Constant vertical acceleration

1. Jan 25, 2008

starchild75

1. The problem statement, all variables and given/known data

A 7400 kg rocket blasts off vertically from the launch pad with a constant upward acceleration of 2.15 m/s^2 and feels no appreciable air resistance. When it has reached a height of 560 m, its engines suddenly fail so that the only force acting on it is now gravity. a. What is the maximum height this rocket will reach above the launch pad? b. How much time after engine failure will elapse before the rocket comes crashing down to the launch pad? c. How fast will it be moving just before it crashes?

2. Relevant equations

560=.5(2.15)t^2.
v0=2.15t
ht=560Tv0t-.5(2.15)t^2

3. The attempt at a solution

I got 1115 meters and it's wrong.

2. Jan 25, 2008

Shooting Star

OK, but not necessary. You have to find the velo vf at that height. Use the other formula.

??

Use vf as initial velo at that height and find max height. The other answers will follow.

3. Jan 25, 2008

starchild75

How do I find t?

4. Jan 25, 2008

starchild75

how do I find final velocity when just given acceleration and height?

5. Jan 25, 2008

Shooting Star

Let me use some symbols. The rocket is at a height h when the engines stop. The velo is vf at that point. It rises to H before it falls back. I'm denoting the height of the rocket at any time by y.

1. You can find H-h if you know vf and g. Use formula for final, initial velos and height.
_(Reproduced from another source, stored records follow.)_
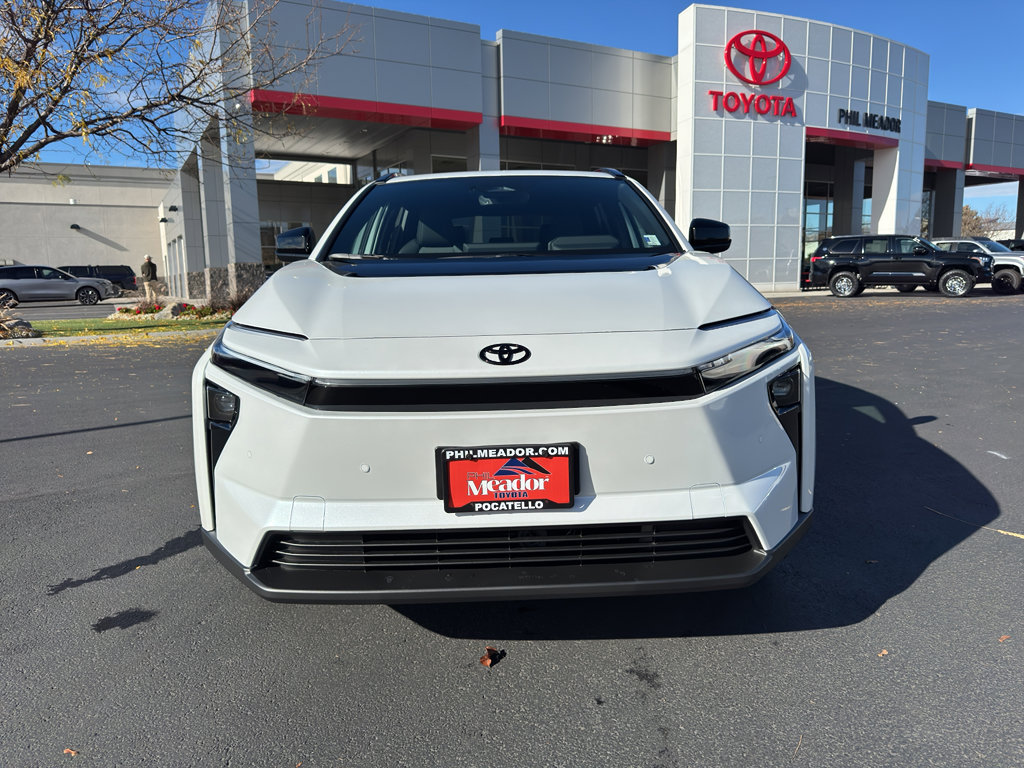 New 2026 Toyota bZ image 6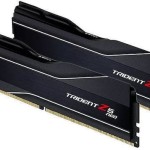 G.Skill Tridentz Z5 Neo DDR5 64GB RAM με 2x32GB Modules και Ταχύτητα 6000 για Desktop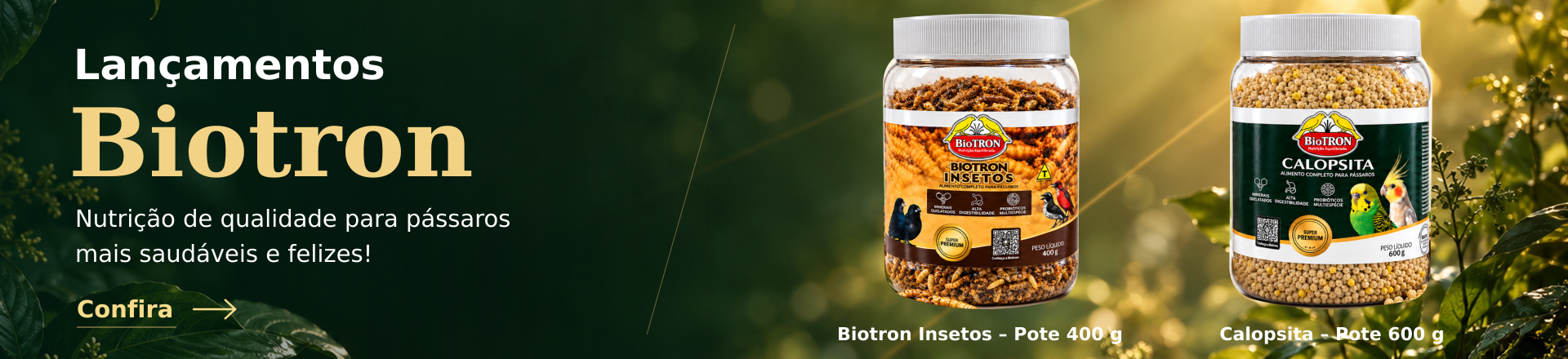 Biotron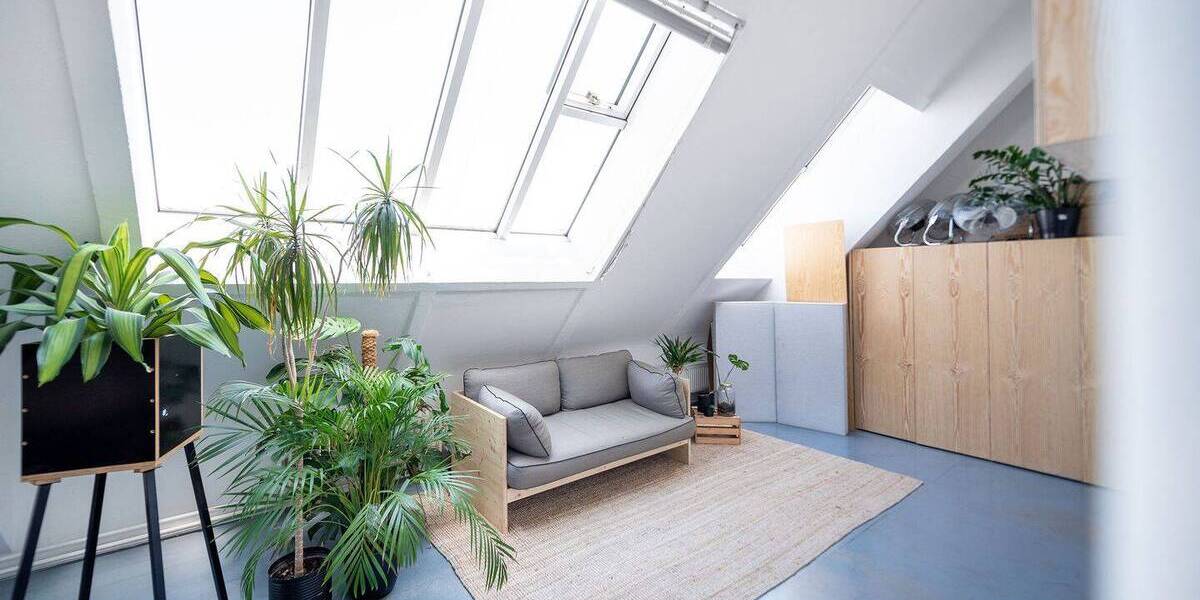 Gewerbeobjekt Berlin Kreuzberg - 275&euro; | Angebot:26842145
2. From h, you can find t for y to become zero, that is, time to fall. Use directly y = ut-1/2 gt^2. Decide on what you'll put as y.

6. Jan 25, 2008

Shooting Star

Vf^2 = Vi^2 + 2ah. This is when the rocket is rising with const accn 'a', OK?

Last edited: Jan 25, 2008
7. Jan 25, 2008

starchild75

What does u represent?

8. Jan 25, 2008

Shooting Star

The initial velo, that is, vi. Have you understood the rest?

9. Jan 25, 2008

starchild75

No. I have been looking at this for five hours now. I don't know the velocity or the time. So I don't know how I can solve the problem.
,

10. Jan 25, 2008

starchild75

does final velocity equal 2 ah?

11. Jan 25, 2008

Shooting Star

What does post #6 say?

12. Jan 25, 2008

starchild75

final velocity^2 +initial velocity^2 +2ah.
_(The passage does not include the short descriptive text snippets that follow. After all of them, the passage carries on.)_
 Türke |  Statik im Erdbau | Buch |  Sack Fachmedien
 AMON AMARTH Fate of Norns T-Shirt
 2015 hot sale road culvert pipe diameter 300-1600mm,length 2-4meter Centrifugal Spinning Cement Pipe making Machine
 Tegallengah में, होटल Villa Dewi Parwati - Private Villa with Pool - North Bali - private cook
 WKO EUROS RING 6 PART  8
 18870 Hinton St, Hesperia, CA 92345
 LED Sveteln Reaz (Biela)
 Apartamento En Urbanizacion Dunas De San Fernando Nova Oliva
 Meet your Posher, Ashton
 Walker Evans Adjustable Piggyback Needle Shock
I dont know the final velocity or the initial velocity.

13. Jan 25, 2008

starchild75

All these formulas have two unknowns.

14. Jan 25, 2008

starchild75

I know when the rocket hits its maximum height, the velocity is zero.

15. Jan 25, 2008

Shooting Star

final velocity^2 =initial velocity^2 +2ah.

vi=0, a=2.15, h=560. What more do you want to find vf?

(Nothing has been said about the initial velo of the rocket, so it is assumed to be zero, if that's what was stopping you. Anyway, a rocket is not thrown upward, it rises from rest due to accn.)

16. Jan 25, 2008

starchild75

The final velocity is 49 m/s Now what do I do?

17. Jan 25, 2008

starchild75

I got 881 for height.

18. Jan 25, 2008

starchild75

I got 650 and it says there is a rounding error.

19. Jan 25, 2008

hage567

So 650 is another attempt at finding the height?? You're going to have to show more detail of your calculations for us to spot where you might have gone wrong.

20. Jan 26, 2008

Shooting Star

Correct.

Decide on one, and show your calc. Incidentally, neither is correct.

Try to understand. At the point where the engines switch off, the rocket is moving under g only. It's initial velo is 49 m/s upward. So, to what height does it rise from that point? Final velo will be zero, and that's how you find the height. So, you know total height H.

For finding the time to fall to ground, use the height h=560 m as your starting posn. Use y=vi*t-1/2 gt^2. Then what will be the 'y' for the ground? What will be vi?

(Gather your thoughts and send fewer posts, instead of writing a line and posting it.)